Household size heterogeneity and the representative agent

A large, but shrinking, proportion of models in macroeconomics assume the existence of a representative agent. While there is clear evidence that households are heterogeneous, under some conditions aggregation may still hold. But even if it does not, what matters is whether it makes a quantitative difference.

Christos Koulovatianos, Carsten Schröder and Ulrich Schmidt address the question from a different angle. They ask whether differences in household size matter. They show it does not, theoretically, if the utility functions exhibit household-size economies (beyond subsistence consumption) that are invariant with income. I think that what the authors want to say here is that household size does not matter as long as preferences are such that consumption demand is linear in household size, which in fact does not imply that preferences are heterogeneous. Household size is just an argument in the household utility function. Or: household utility can be aggregated for individual utilities if the decisions rules can be aggregated, which is the case when they are linear.

Anyway, beyond these semantic issues, Koulovatianos, Schröder and Schmidt then provide survey evidence documenting that preferences have indeed the required property, namely that households perceived that the income necessary to maintain a given standard of living is linear in the number of its members. What is interesting here is that the survey covers many countries, possibly preempting the criticism I mentioned the other day.

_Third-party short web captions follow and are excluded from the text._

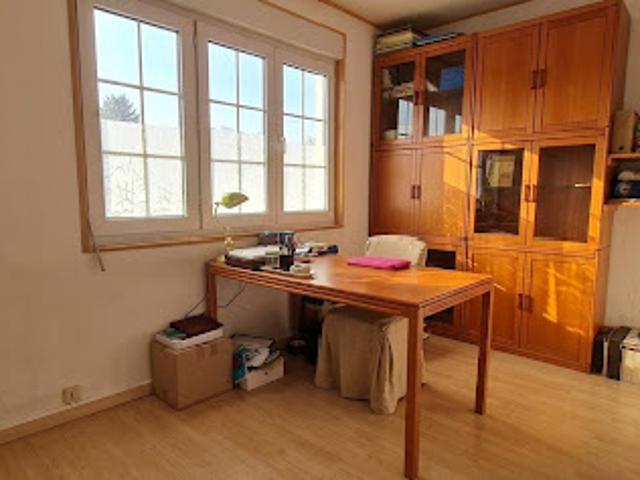 Vente Maison 5 pièces 107 m2 Lambersart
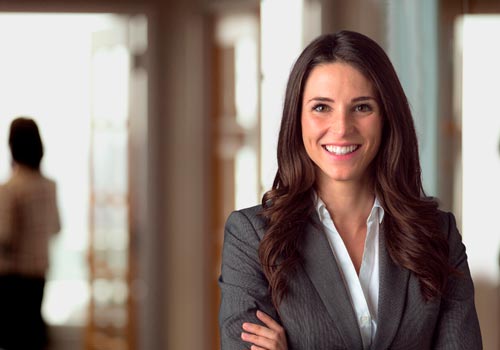 Alumnos cursando la Maestr&iacute;a en Derecho con orientaci&oacute;n en: Derecho de Familia de la UP, posgrado derecho de familia, especializacion en derecho de familia, que posgrado hacer despues de abogacia familia, posgrado en mediacion familiar, posgrado en derecho de familia y sucesiones, donde estudiar derecho de familia en argentina, diferencia entre maestria y especializacion derecho de familia, maestria en derecho de familia, curso de posgrado derecho de familia online, diplomatura en derecho de familia virtual, estudiar la especializaci&oacute;n en derecho de familia, derecho de familia y sucesiones posgrado, actualizacion codigo civil y comercial familia, posgrado violencia de genero y familia, es necesario ser abogado para hacer un posgrado en familia, salida laboral derecho de familia, curso procesos de familia y litigacion, especializacion en ni&ntilde;ez adolescencia y familia, posgrado derecho de familia internacional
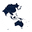 Asia pacific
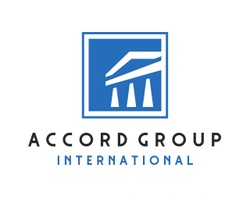 Accord Builders and Developers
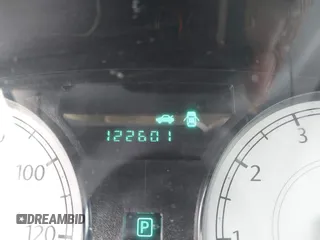 2006 Chrysler 300 Touring with VIN 2C3KA53G76H200278, listed as a IAAI auction lot 42044879 with 122,601 mi miles and . Bid and sale history available at DreamBid. Image 14.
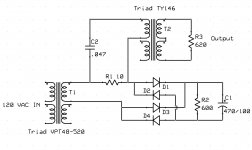 Diode test circuit.jpg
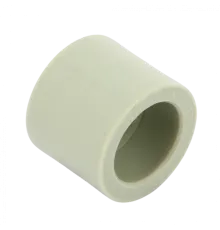 Патрубок PPR 32 FV-Plast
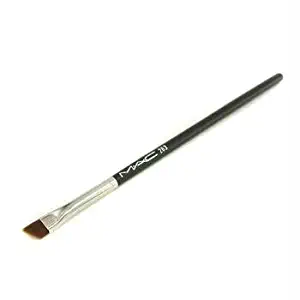 MAC Cosmetics 266 Small Angle Brush by M.A.C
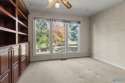  Ad# 6561205 golf course property for sale on GolfHomes.com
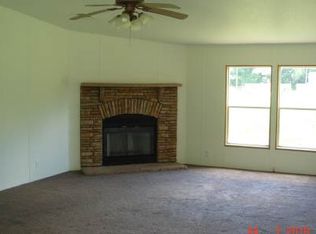 15336 County Road 250, Live Oak, FL 32060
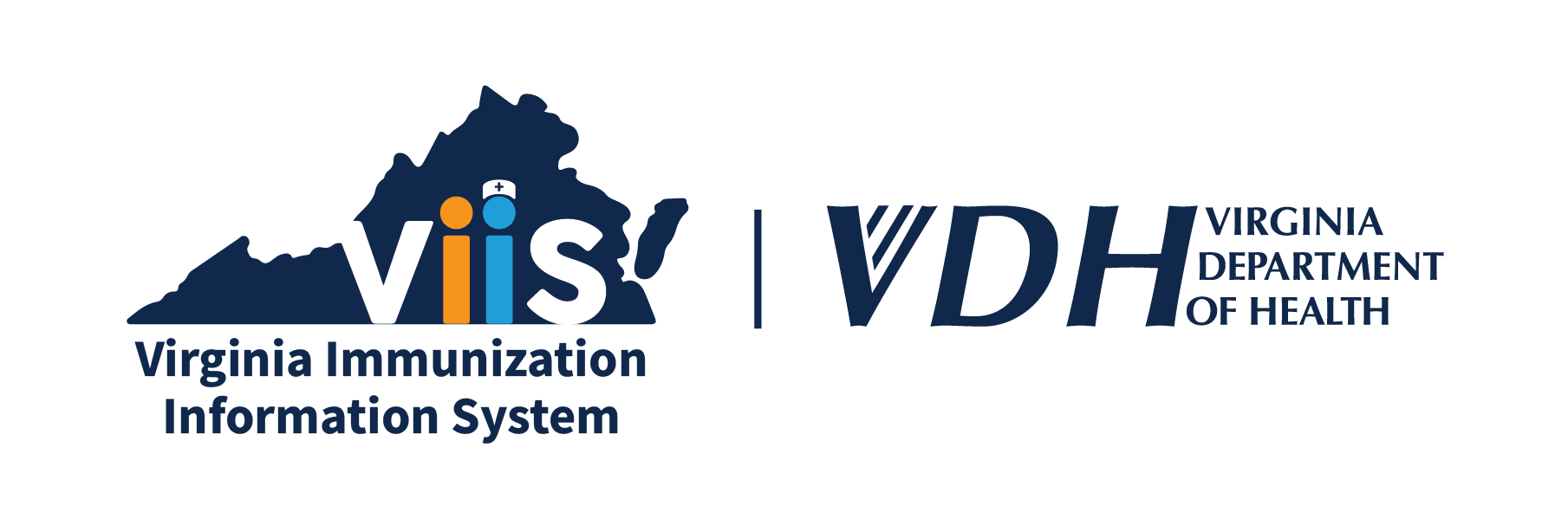 VIIS Logo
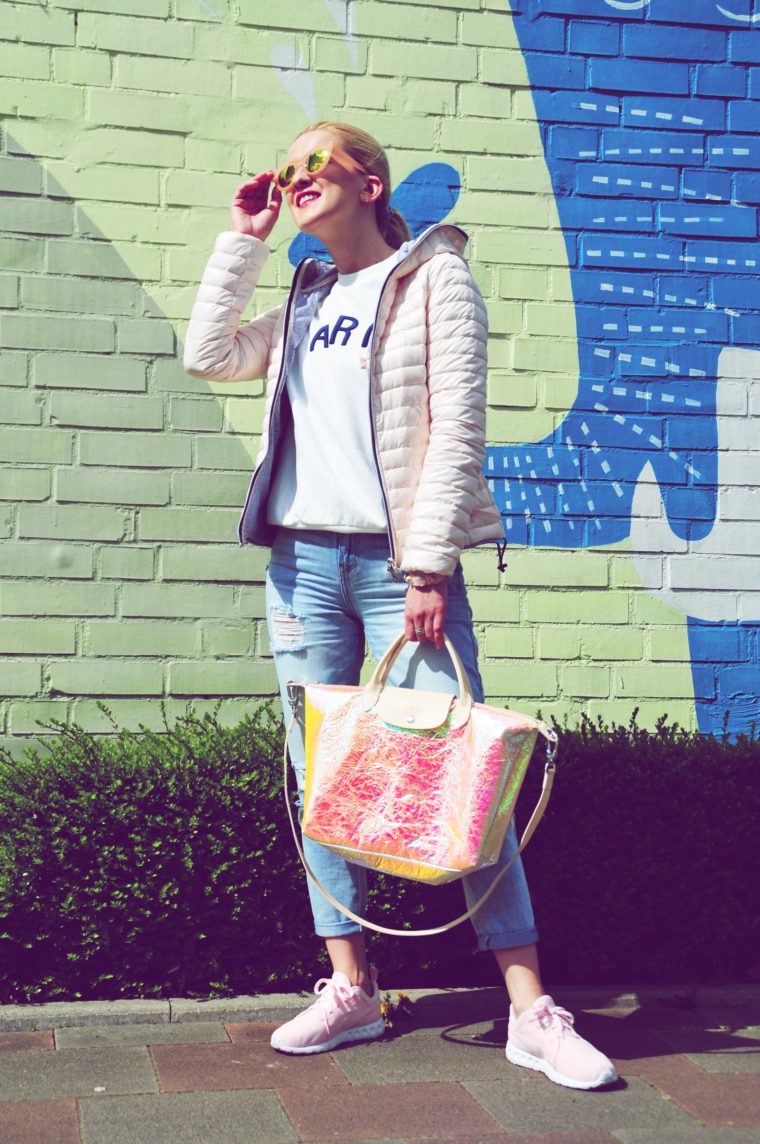 fashionblogger köln deutschland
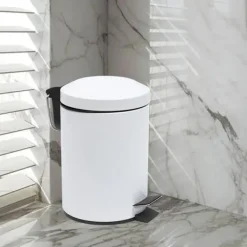 Best Pedalhink, Metall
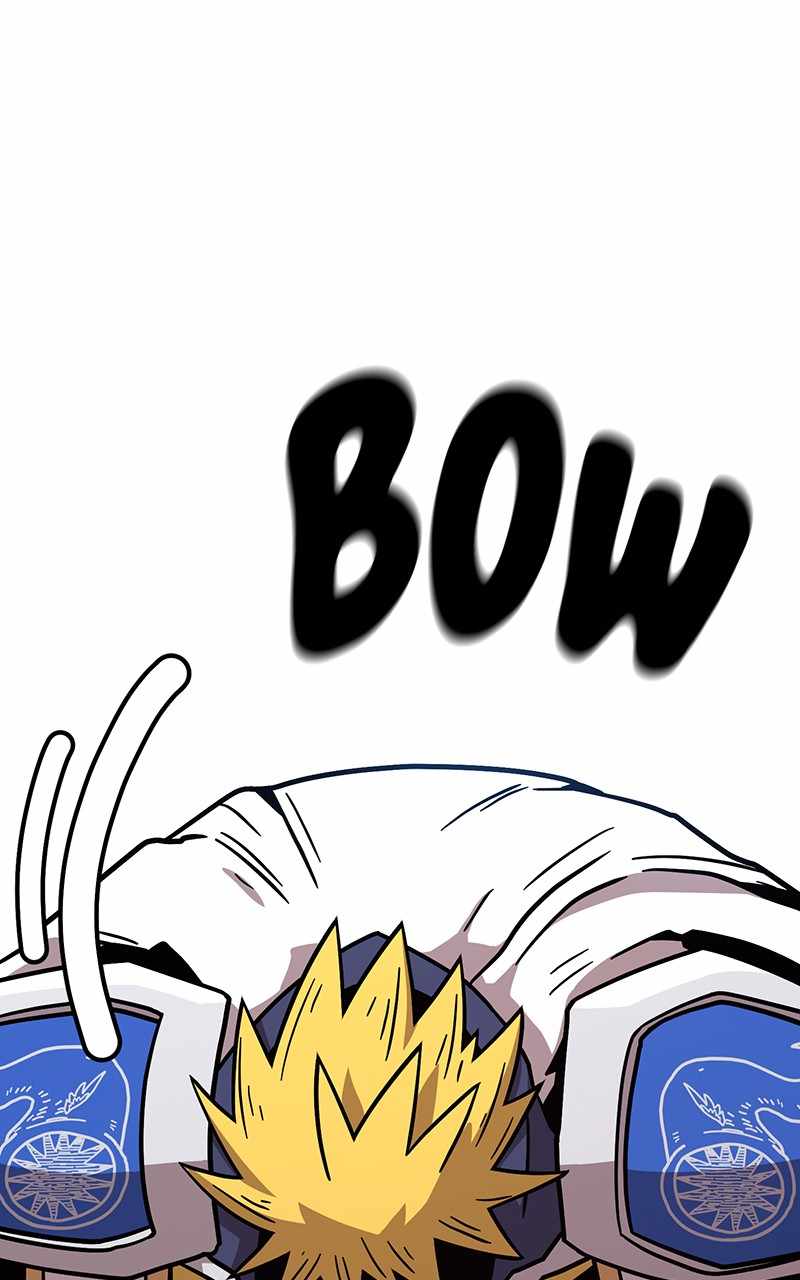 149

On a separate note, this paper is particularly painful to read. It runs for 89 pages, and it is very confusing (even more than my post) because the authors do not use the right terminology. Also, they need to learn the virtues of conciseness and precision. I hope they did not send it to a journal in such bad shape. And of course they assume that all households have the same time preference, against which there is ample evidence and which matters much more as it has strong implications for savings.